(Given entries begins)

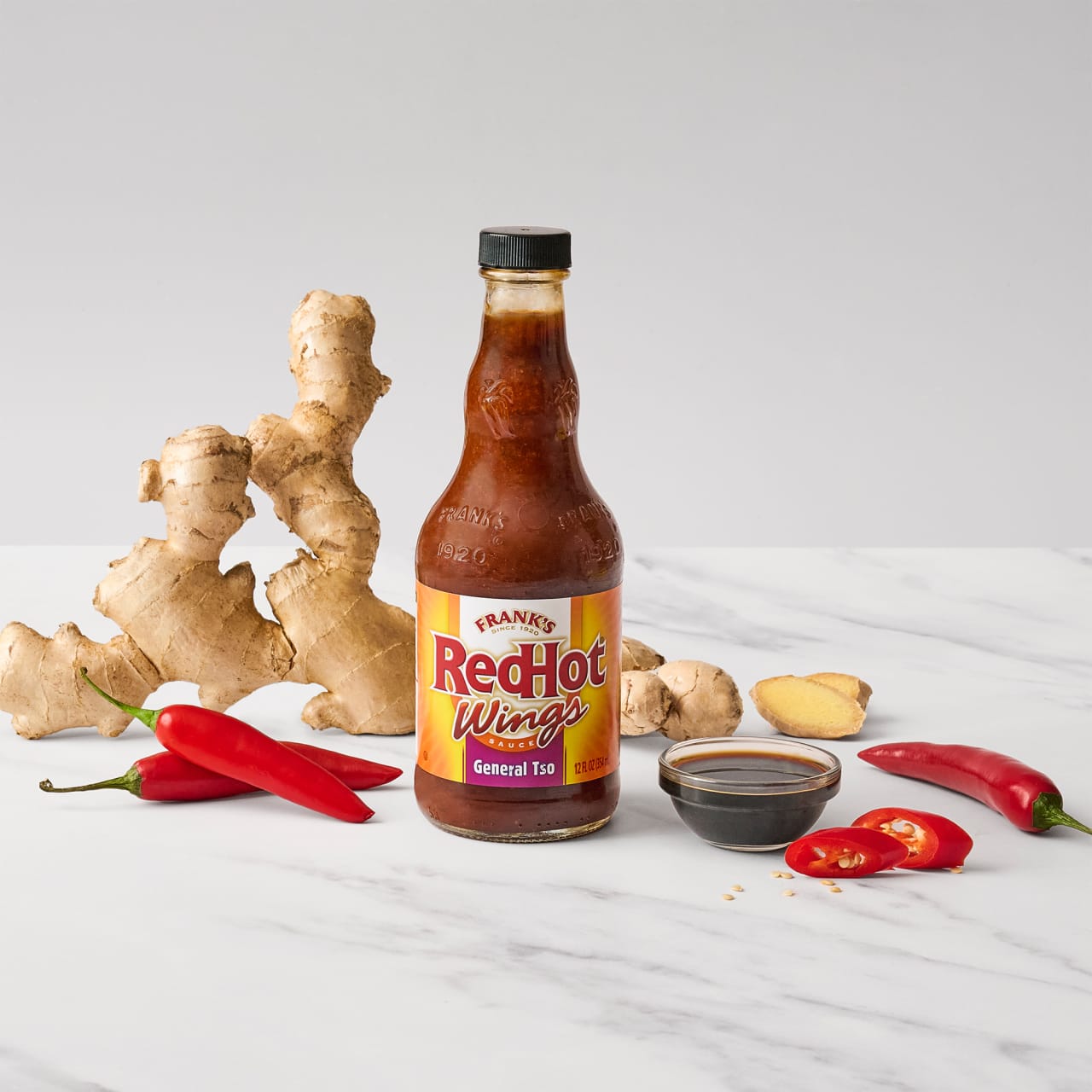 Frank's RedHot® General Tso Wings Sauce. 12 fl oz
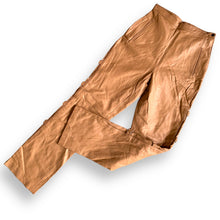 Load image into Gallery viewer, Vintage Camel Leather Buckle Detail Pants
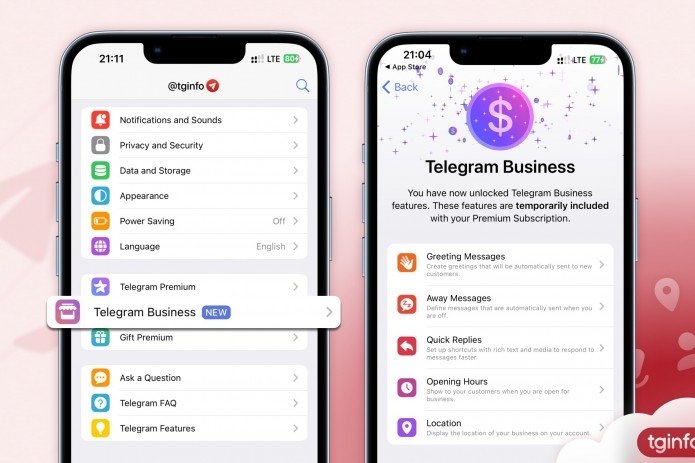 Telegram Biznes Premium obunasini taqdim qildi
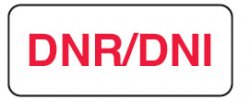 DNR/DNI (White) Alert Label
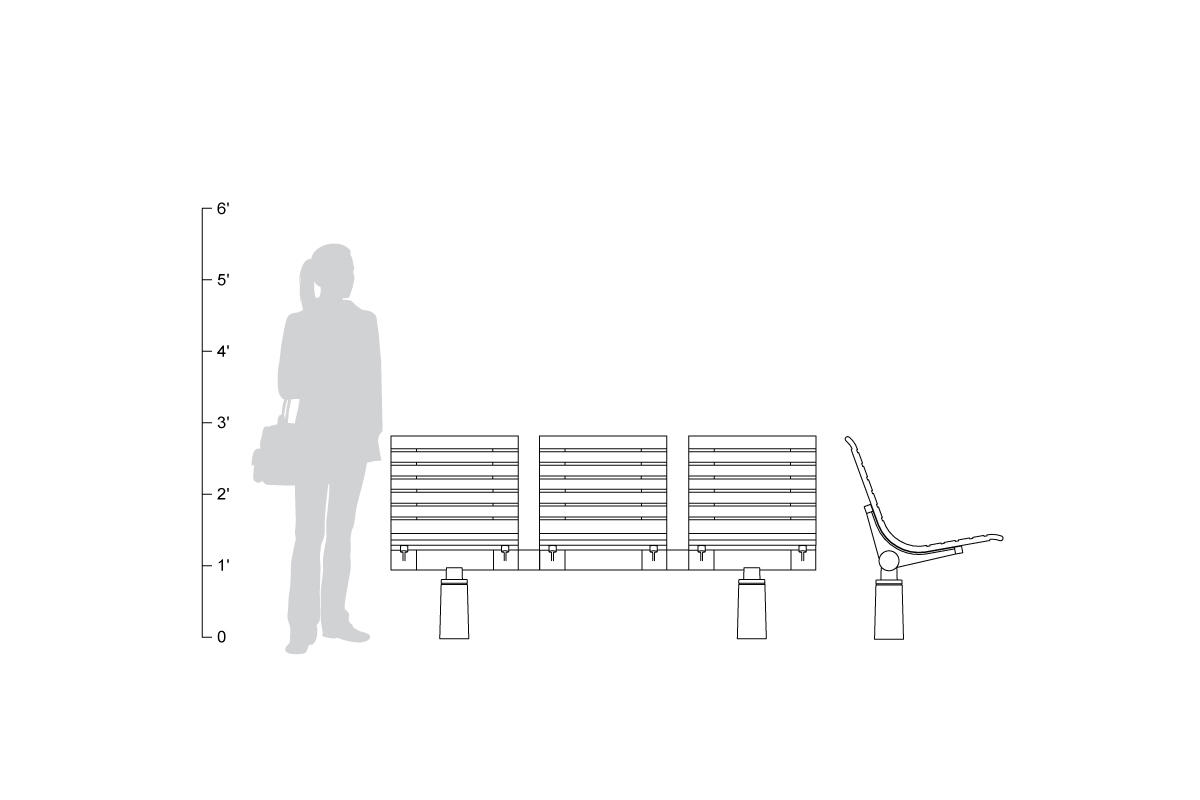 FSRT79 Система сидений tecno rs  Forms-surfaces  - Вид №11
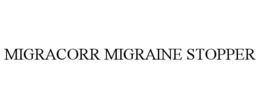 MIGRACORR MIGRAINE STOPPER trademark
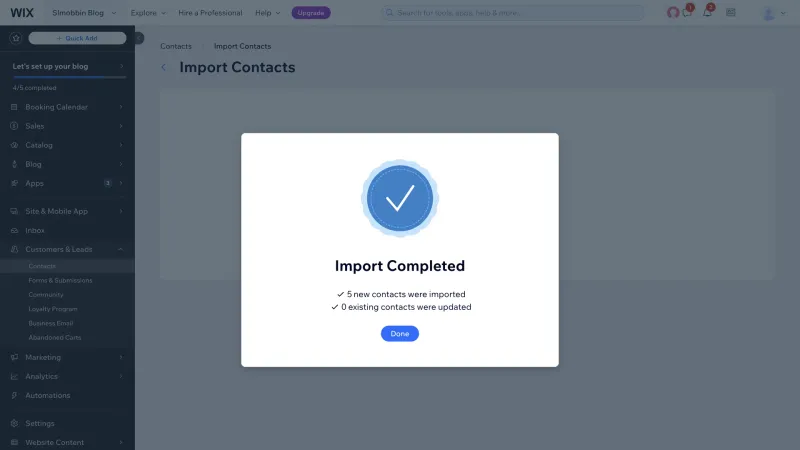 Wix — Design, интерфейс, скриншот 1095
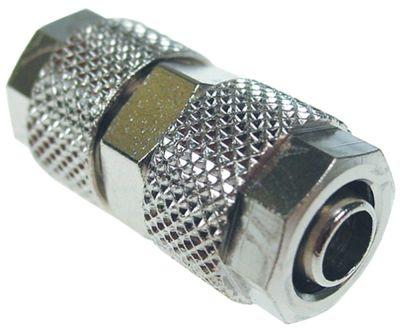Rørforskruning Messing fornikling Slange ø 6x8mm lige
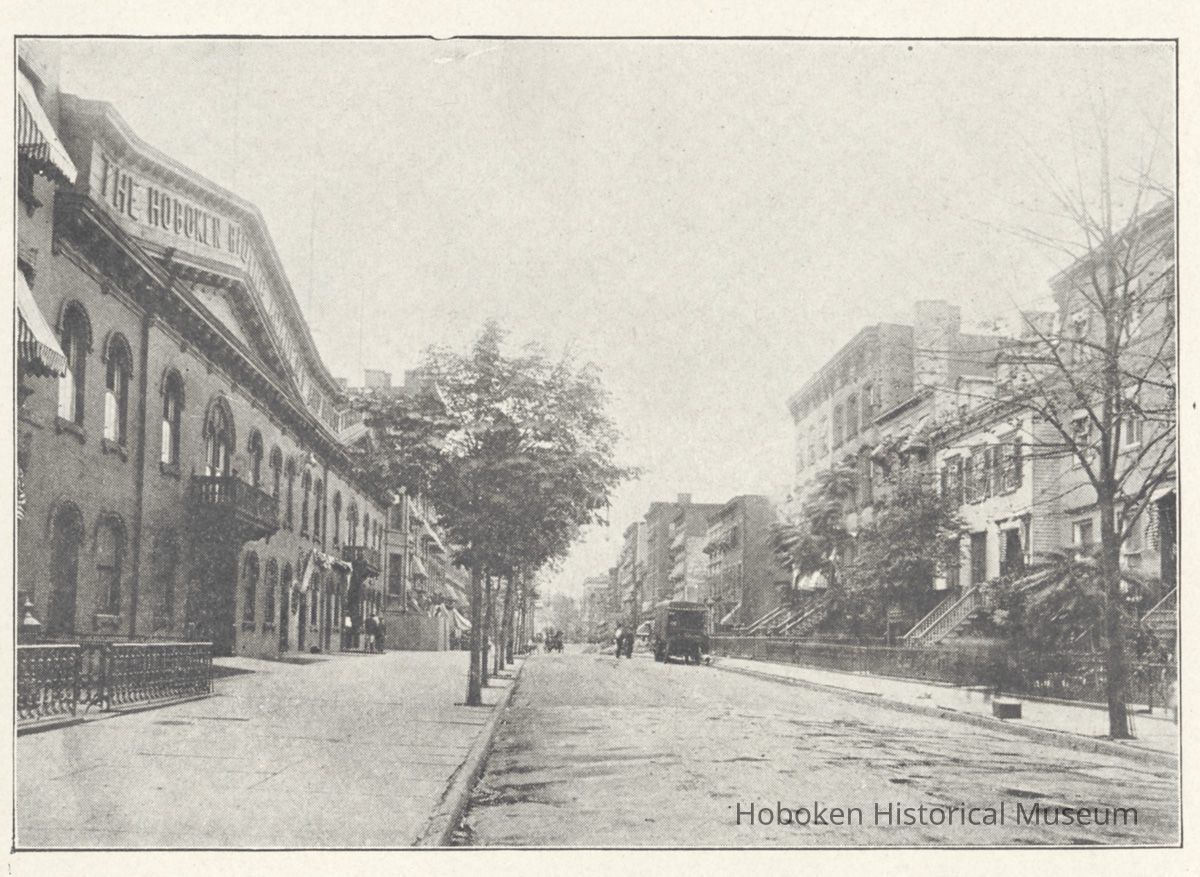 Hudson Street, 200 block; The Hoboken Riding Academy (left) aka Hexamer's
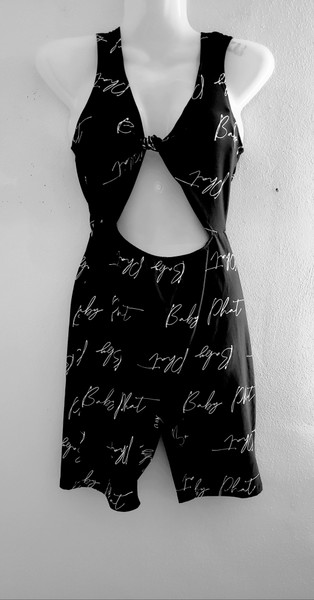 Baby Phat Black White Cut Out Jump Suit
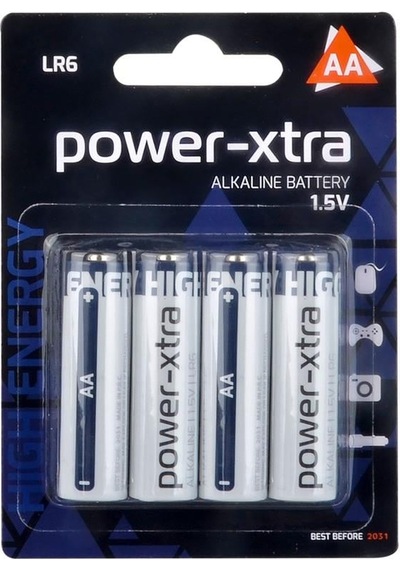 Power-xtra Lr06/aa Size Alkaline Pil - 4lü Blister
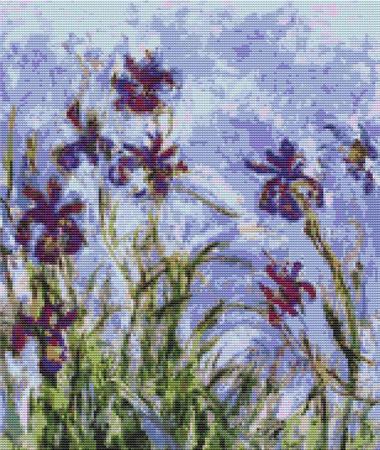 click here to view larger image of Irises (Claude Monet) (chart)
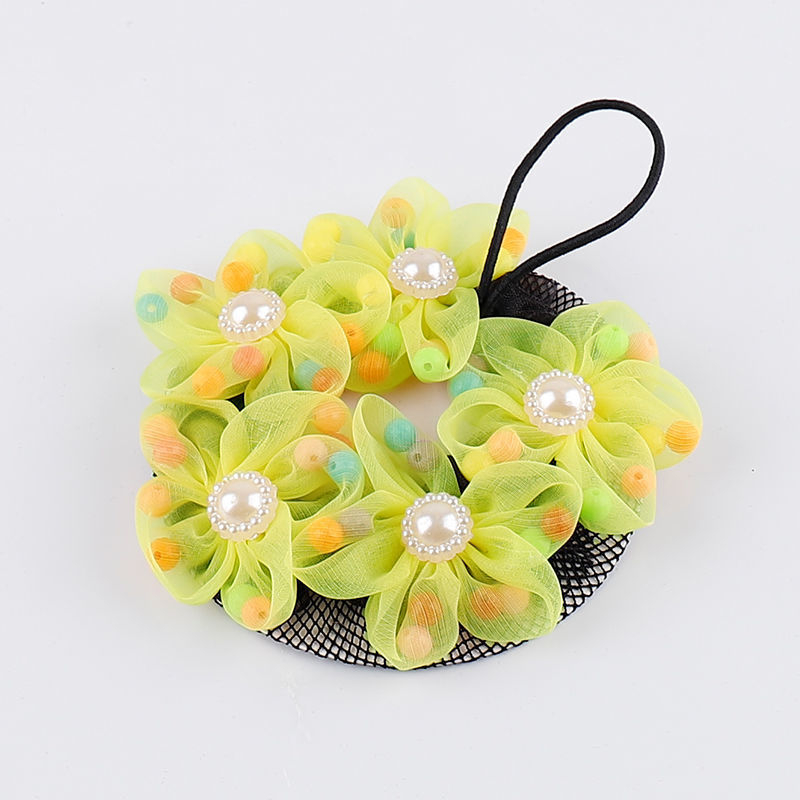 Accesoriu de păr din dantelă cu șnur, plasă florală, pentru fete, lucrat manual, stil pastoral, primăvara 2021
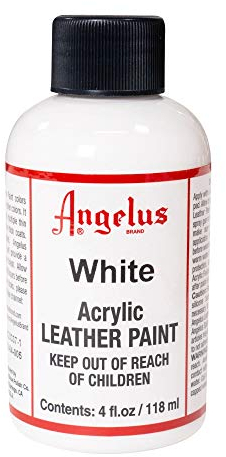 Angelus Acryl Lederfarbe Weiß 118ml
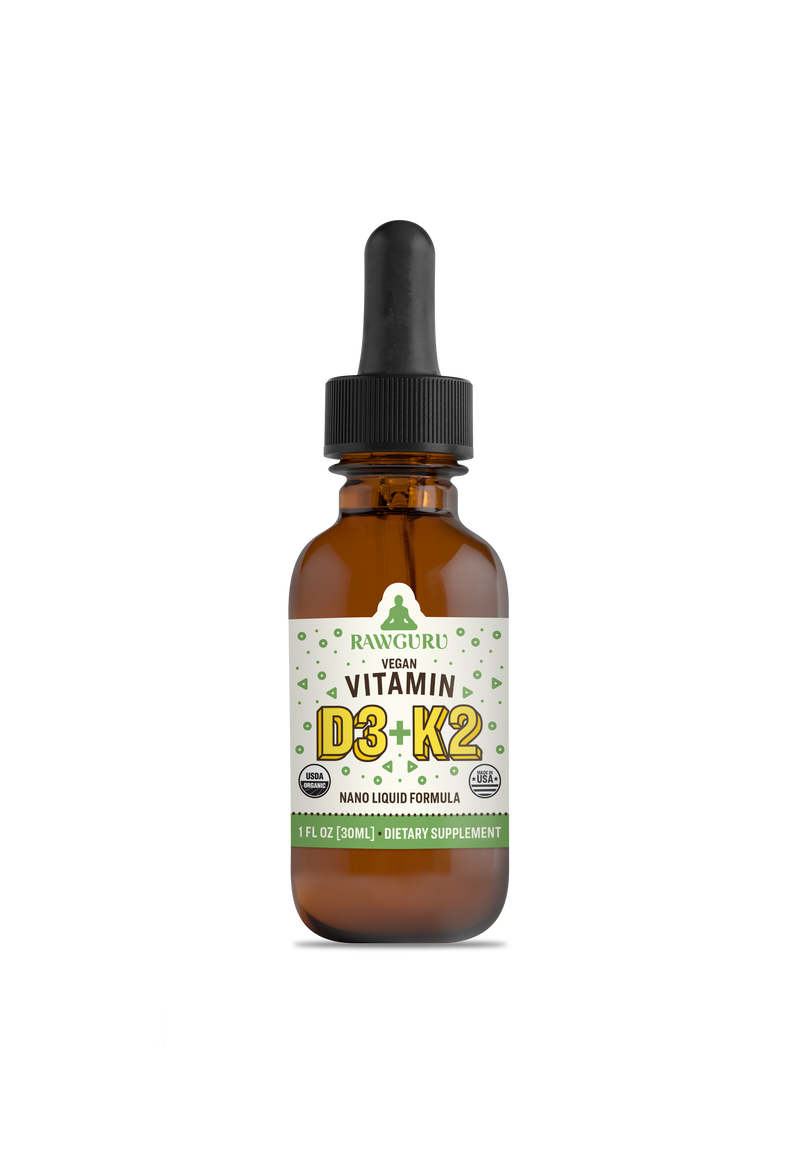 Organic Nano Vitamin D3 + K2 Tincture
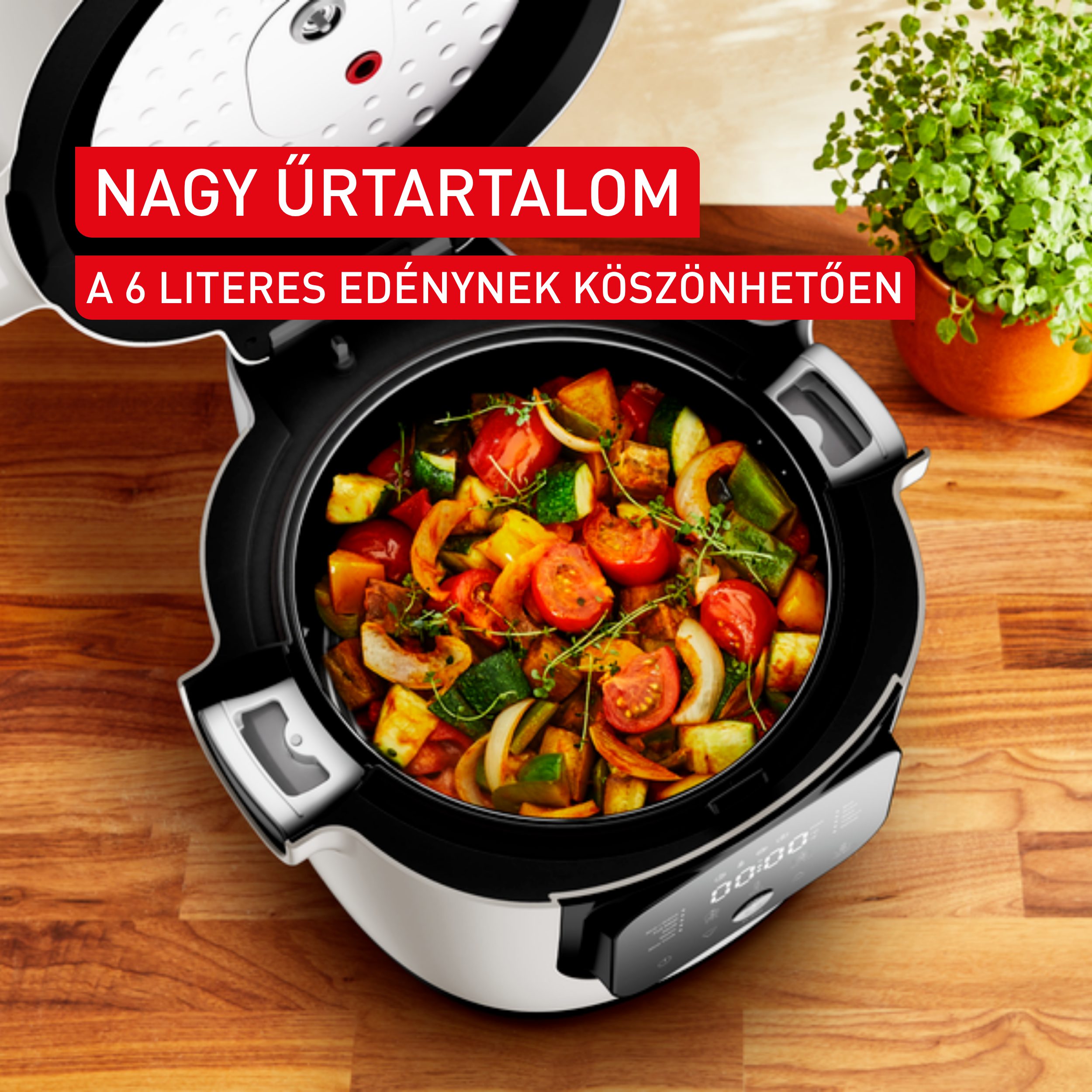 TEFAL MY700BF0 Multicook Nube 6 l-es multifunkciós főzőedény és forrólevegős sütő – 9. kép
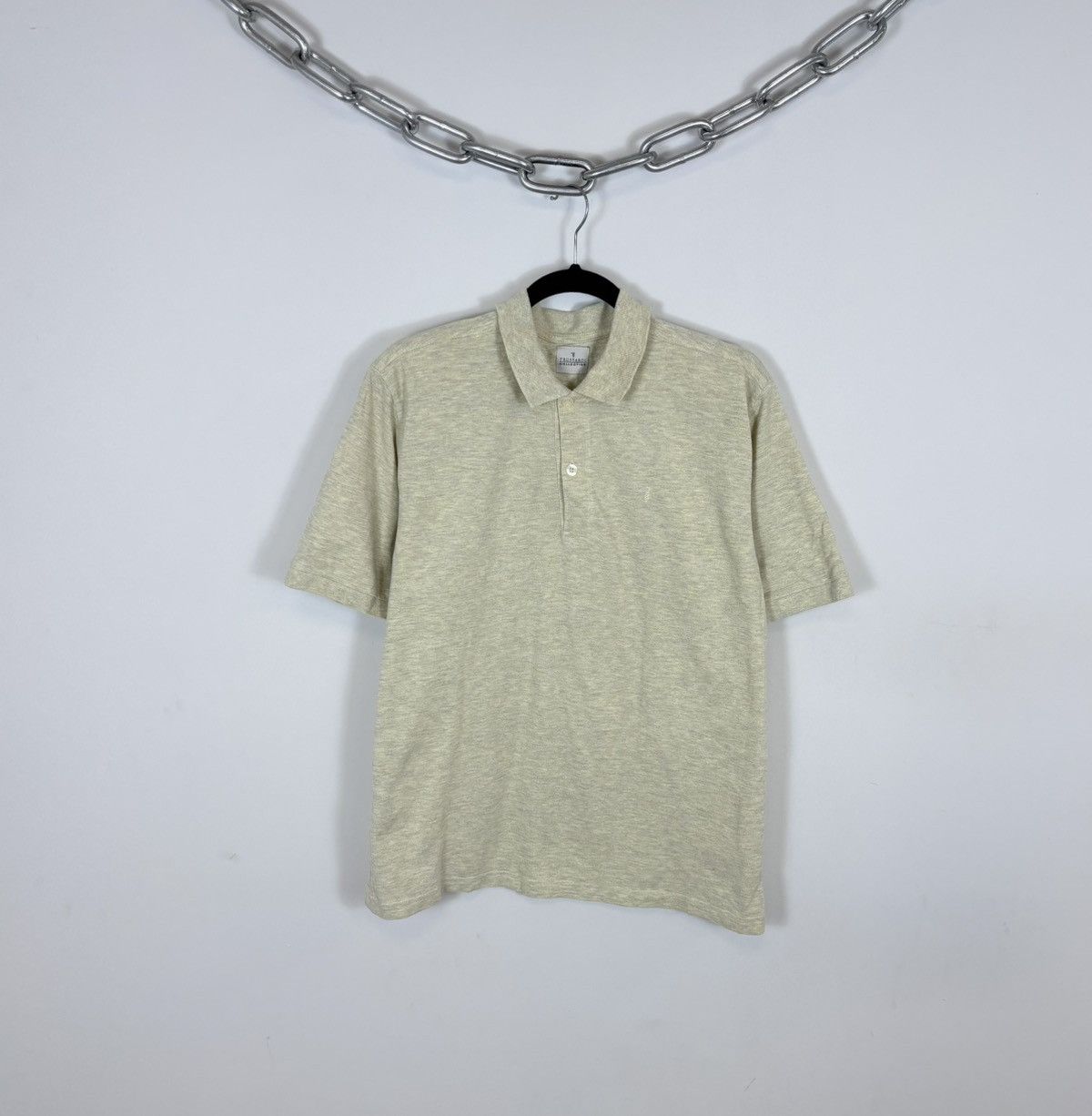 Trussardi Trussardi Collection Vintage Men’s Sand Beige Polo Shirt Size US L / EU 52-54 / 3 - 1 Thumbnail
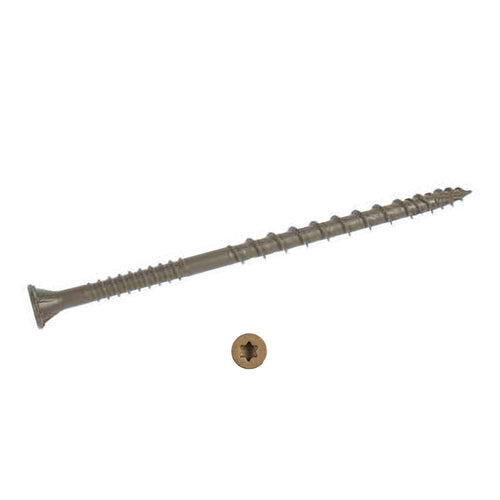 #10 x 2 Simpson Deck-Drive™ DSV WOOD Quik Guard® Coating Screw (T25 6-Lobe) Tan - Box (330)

(Given entries ends)

#### [To do]
Would you please output only the lines from the start of the material above up to and including the line with "Hudson Street, 200", exactly as they appear and without pictures?

#### [Result of the exercise]
 Frank's RedHot® General Tso Wings Sauce. 12 fl oz
 Load image into Gallery viewer, Vintage Camel Leather Buckle Detail Pants
 Telegram Biznes Premium obunasini taqdim qildi
 DNR/DNI (White) Alert Label
 FSRT79 Система сидений tecno rs  Forms-surfaces  - Вид №11
 MIGRACORR MIGRAINE STOPPER trademark
 Wix — Design, интерфейс, скриншот 1095
Rørforskruning Messing fornikling Slange ø 6x8mm lige
 Hudson Street, 200 block; The Hoboken Riding Academy (left) aka Hexamer's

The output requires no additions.